令和8年4月19日に「令和8年度 第1回薬学講習会」をZoomによるオンラインで開催し、397名の先生方にご参加いただきました。
本講習会では心臓病センター榊原病院 循環器内科医長 中務 智文先生をお招きし、『心不全患者の再増悪を防ぐ:医師が薬剤師に期待するフォローアップと連携』 という演題でご講演いただきました。
心不全の疫学、うっ血と低灌流という基本病態、左室駆出率(LVEF)による分類(HFrEF/HFpEFの違い)から薬物療法の位置づけ、多職種による心不全支援の重要性、フォローアップのポイントまで幅広い内容をエビデンスに基づき、非常に分かりやすく説明していただきました。
講演後の質疑も多くいただき、大盛況のまま終了いたしました。
心不全患者は2035年には130万人になるとされ、高齢化社会において今後も増え続けることが予想されています。
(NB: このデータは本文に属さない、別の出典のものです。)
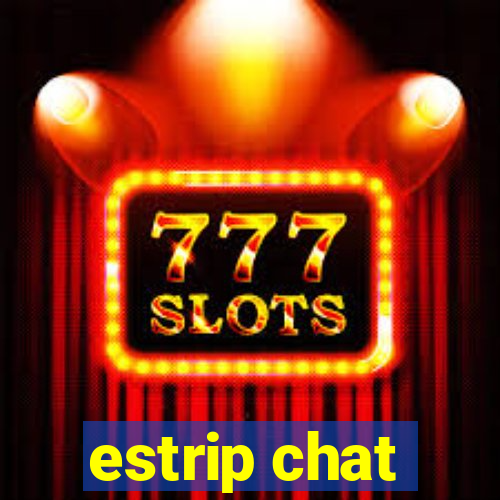 estrip chat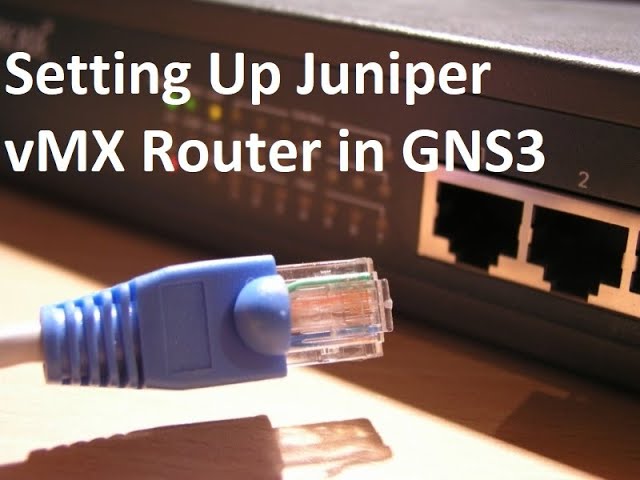 Setting Up Juniper vMX Router in GNS3
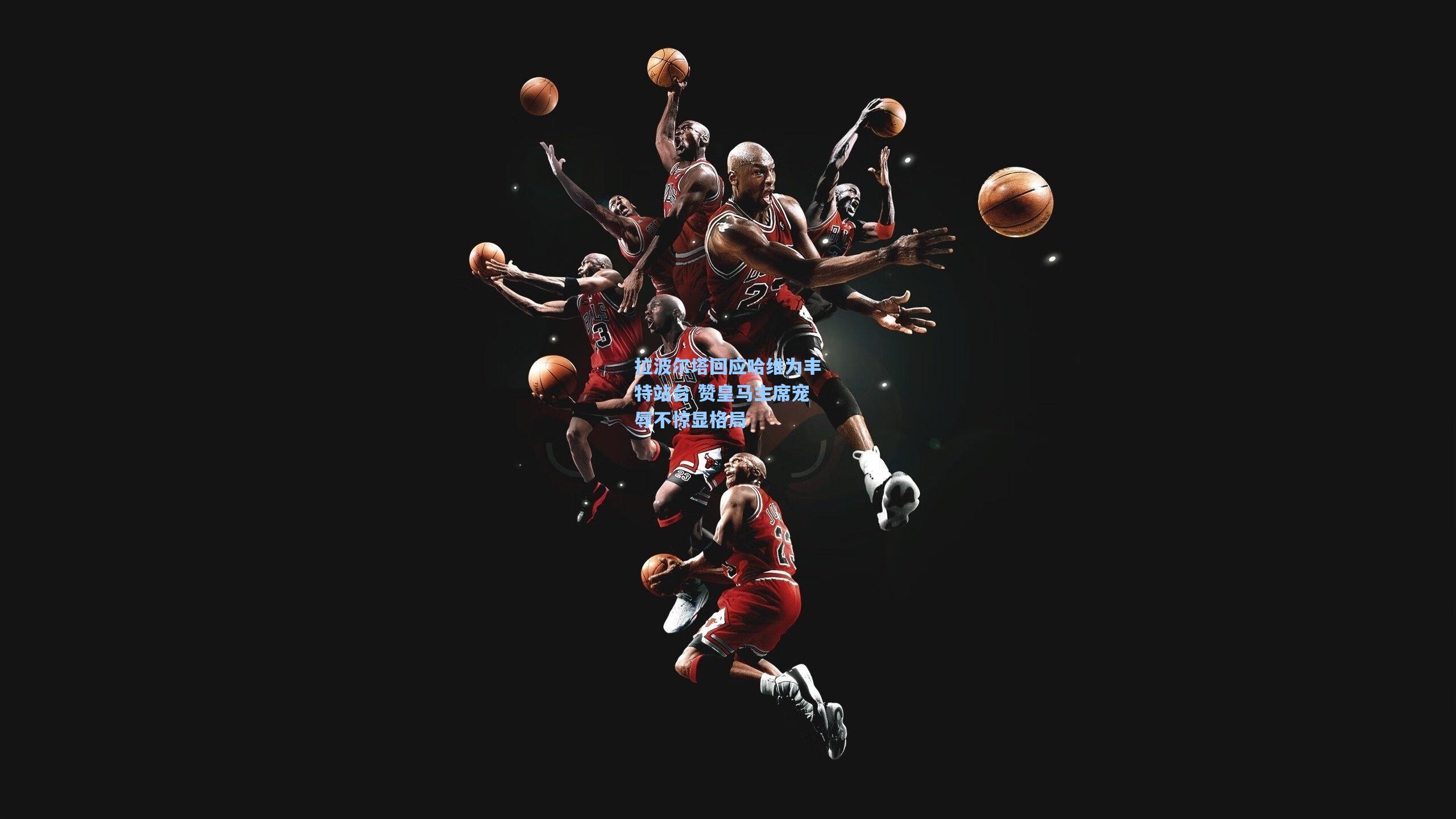 拉波尔塔回应哈维为丰特站台 赞皇马主席宠辱不惊显格局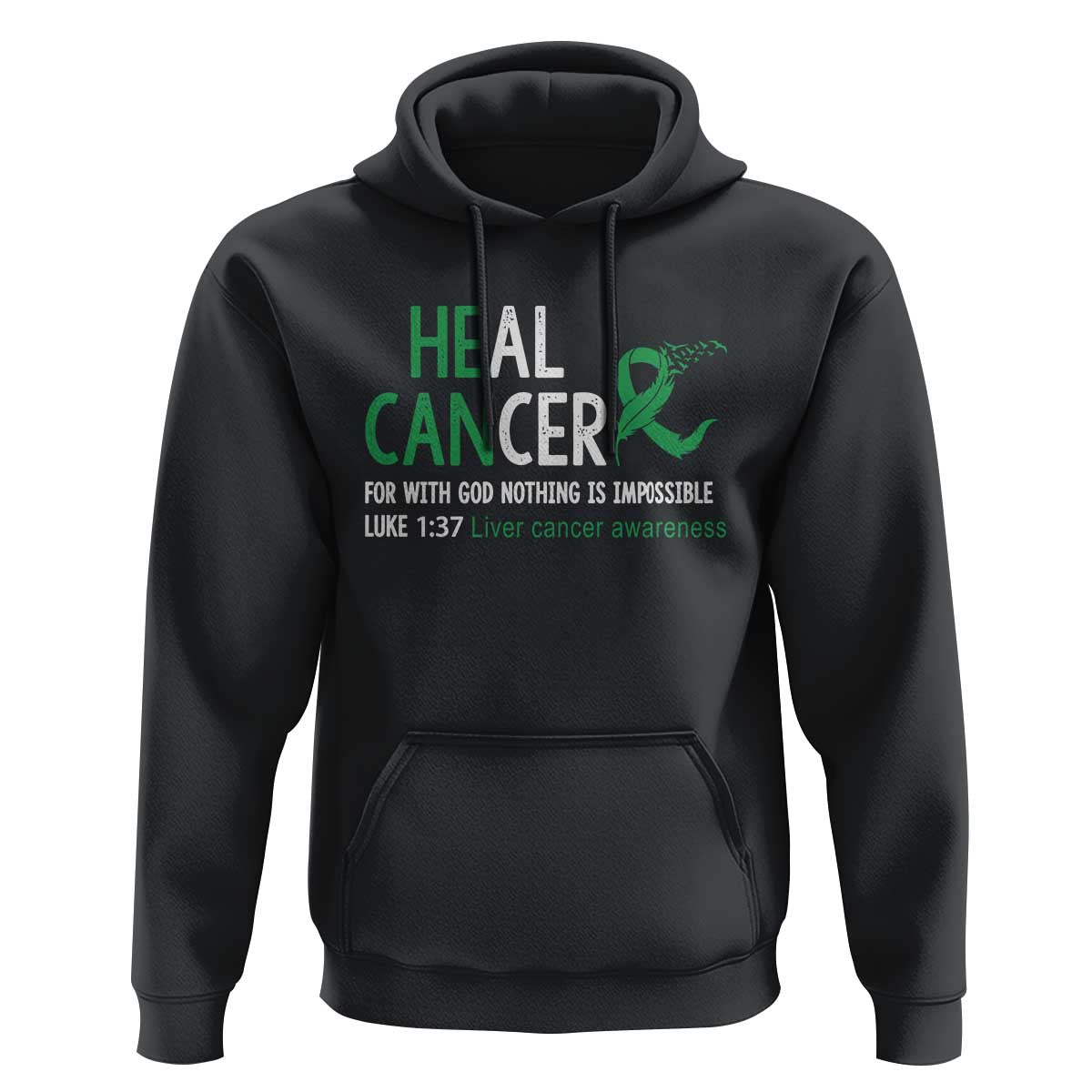 Heal Cancer Nothing Is Impossible With God Hoodie Liver Cancer Support Gift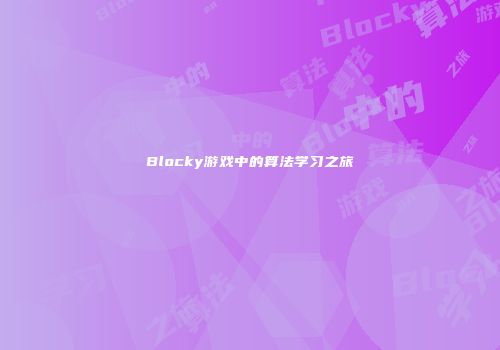 Blocky游戏中的算法学习之旅
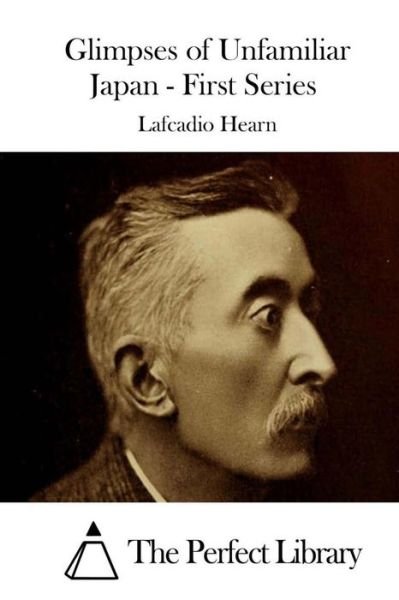 Cover for Lafcadio Hearn · Glimpses of Unfamiliar Japan - First Series (Paperback Bog) (2015)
また、心不全は入退院を繰り返す進行性の疾患であるため、いかに再入院を予防するかが注目されています。
心不全は薬剤師を始めとした多職種による介入により、再入院が減るとされており、薬剤師が積極的に心不全に関わることが重要となります。
本講習会の中でも、心不全再入院の原因として「治療薬服薬の不徹底」があり、アドヒアランスが予後に影響を与えることから、薬は誰が管理しているのか、きちんと飲めているか、どれくらいの残薬があるかは医師としても把握しておきたいとお話がありました。
本講習会により、薬に関することだけでなく、心不全症状のモニタリング、早期受診の目安(短期間の体重増加、下腿浮腫など)、医師への情報共有など薬剤師にできることが多くあることを学びました。
学術委員会では、今後も会員の皆様にとって有意義な講習会を企画していきたいと考えております。